Toyota Prius Plug-In Hybrid
Here’s an affordable plug-in hybrid with curb appeal. Toyota’s enhanced Prius has beefed-up battery capacity, a plug, and 13 miles of all-electric cruising. I tried out the car, and it fit my lifestyle perfectly. Because I work at home, my modest daily mileage was within the car’s range. I rarely used its gas engine, and so achieved an on-paper 100 mpg or better as I cruised at up to 60 mph. As with most plug-in hybrids, this Prius’s performance depends heavily on how you drive it—this car loses most of its advantages on long highway commutes.
Toyota is funny about plug-in hybrids, building them despite the misgivings expressed by some of its own executives.

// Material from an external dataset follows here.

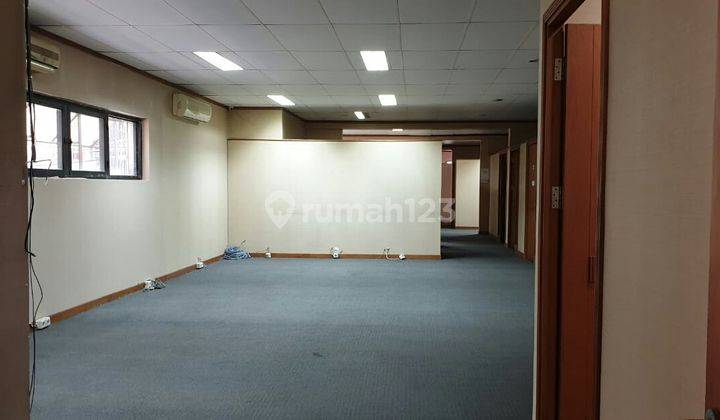 Kantor Berkapasitas 100 Orang, Dipinggir Jalan Raya, Bebas Gage 1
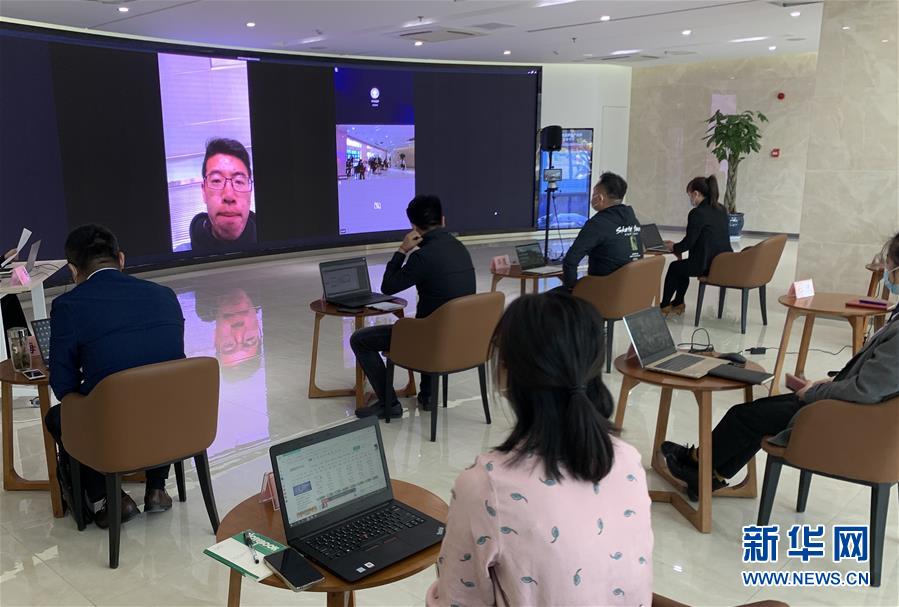 (新華全媒頭條·兩會特別報(bào)道·圖文互動(dòng))(5)砥礪前行 使命必達(dá)——從全國兩會看中國信心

The company’s former chief spokesperson, Irv Miller, told me, “The dog doesn’t hunt. We may be trying to change the world for a very small part of the market.” But despite that, the car hit the showrooms in early 2012 and is selling fairly well—Americans bought more than 12,000 of them last year. It was somewhat under the radar, but it’s selling better than the Nissan Leaf.
The great thing about this battery-enhanced car is that when you run out of electricity it simply reverts to being a standard Prius, which is not a bad thing. But a standard Prius costs $21,000, so is the improved EV cruising range worth approximately $14,000? It would certainly take a lot of short hops to pay down the price premium, but the plug-in hybrid enjoys greener-than-thou bragging rights.
Detroit managed only one significant electrified introduction this year, the Cadillac ELR, and even that was promoted more as a luxury vehicle than a chariot for the eco-minded. But it was easy to see how automakers have effectively absorbed the green lessons. Presenting such rip-roaring performance cars as the Corvette Stingray and Jeep Grand Cherokee SRT, automakers stressed fuel economy (accomplished through cylinder deactivation, light-weighting, and fuel-saving transmission adjustments). That 470-horsepower Jeep even has an “eco” button.
The entire industry is facing a 2025 deadline to deliver fleet averages of 54.5 mpg in compliance with the federal government’s Corporate Average Fuel Economy (CAFE) rules, and that means even the strong-selling gas guzzlers have to be reformed. In 2013 few automakers can ignore the need to go green, because that’s clearly where the market is headed amid federal regulation and international concern about climate change.